Aside from further collaborations with Sewell, long-time friend Shawn Desman, and other more secretive projects, Denny has been busy during quarantine showcasing some of her other talents. Most notably she’s hosting a series every Sunday on Instagram Live, where she interviews entertainers and artists, many of whom like herself, are both notable but underappreciated. It’s an outlet that she hopes will bring her closer to her fans, as she is admittedly quite a private person.
“I meet incredible people as I go through my career,” she says.
“I wanted to show the world, (there are) some people you know, and some people you may not know, but that you need to know because they are incredible artists. There’s a personal side to them, and you get to experience the essence of who they are. I see it as me opening myself up a little bit more, ‘cause I’m generally very closed off with that. I am a person who likes to be very private. Now this has turned into something where I get to connect with people. That’s not something I’m able to do usually, when I’m on the move as much as I have been. (I’m) taking some steps to open up myself and my personality to my fans and they can get to know me on another level.”
Last year Denny spent 10 months on the road, so she’s used most of her quarantine time to reconnect with her parents and her sister. The Instagram Live series has also had the pleasant side effect of allowing her to catch up with her industry friends who she normally only gets to see in passing backstage somewhere. But quarantine has also been accompanied by a deluge of news about racial injustice, and it’s caused Denny to reflect on her own experiences of being a recognizable woman of colour.
“When it all first kicked in I had quite a few of my white friends call and check on me and they’re like ‘Are you ok?’” she says, sounding slightly amused.
“I’m like, ‘I’m fine!’ (laughs) and then they’re like ‘Are you sure?’ I’m a woman of colour 24/7, 365. This is nothing new. I’m sure for many, when we’re in our tracks suits or our loungewear, you walk in a store and you still get looked at or followed. I’ve had it happen to me when people (then realize) who I am and it’s very disgusting. They come to up to me and they’re ‘Oh you’re… oh!’ That shouldn’t matter. I don’t want to experience what George Floyd or any of those people experienced. I don’t want my friends or anyone out there to have to experience that. I don’t wanna get too deep, but in the year that we’re in, in the world we’re living in, it’s absurd. We tend to feel that it doesn’t happen here. But I’m quickly learning that it does.”
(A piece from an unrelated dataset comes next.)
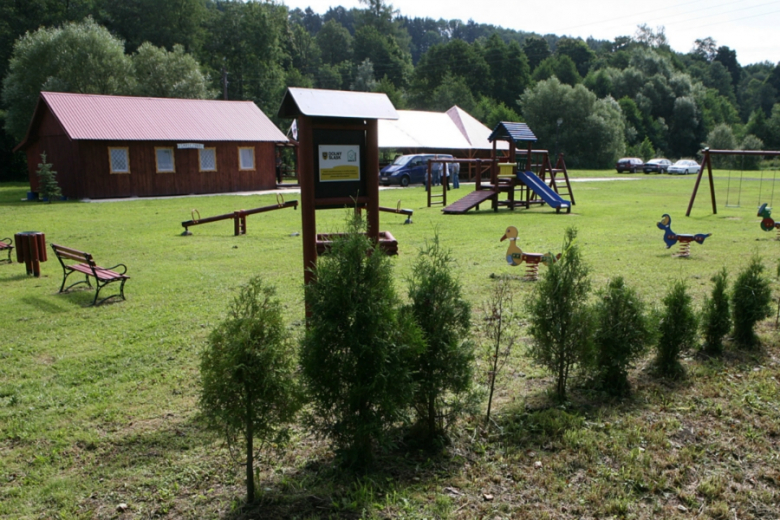 Smreczyna, gm. Międzylesie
Rebecca Northcott Photography
Denny says her next release will most likely be house music or dance-pop. Given the upbeat nature of those genres I had to ask if that’s something she can balance with this state of social negativity that we currently find ourselves in.
“I can definitely weave the two together,” she says excitedly.
“I’m by nature a very positive person, at least I try to be. Doesn’t mean I don’t have hard days! I think that if you stay in the negative, then that’s all that’s gonna keep coming at you. You must, someway, somehow, lift yourself out of it by choice. You have to choose to find the good in every situation. I feel a responsibility to continue to deliver that to people, to give them that release.”
Denny is musically adaptable, but regardless of what style she’s performing, she maintains a consistent image; that of the consummate professional artist. Her talent is what’s on display, while other aspects of her personality are usually kept away from the stage. As she said, it does make the journey longer, but if she was any different then the music would probably not be same. The blessing in disguise that’s come out of quarantine, is that Denny has found a way to show other sides of her personality in a way that suits her.
“I don’t like to follow things that other people are doing,” she says.
“That’s just me. I’ve never felt the need to display everything all the time. These other people who can do that, I’m in awe. That’s really gutsy! (laughs) I’m gutsy on other levels. They’ll see me on stage, and that’s good. That’s why I’m there, I’m there to sing. That’s probably why I don’t sing on Instagram. You guys already know I sing, so let me show you other capabilities that I have.”
Watch Simone Denny every Sunday at 5pm EST on her Instagram Live. This Sunday (October 18th) she’ll be speaking to Juno-winning R&B star Sean Jones.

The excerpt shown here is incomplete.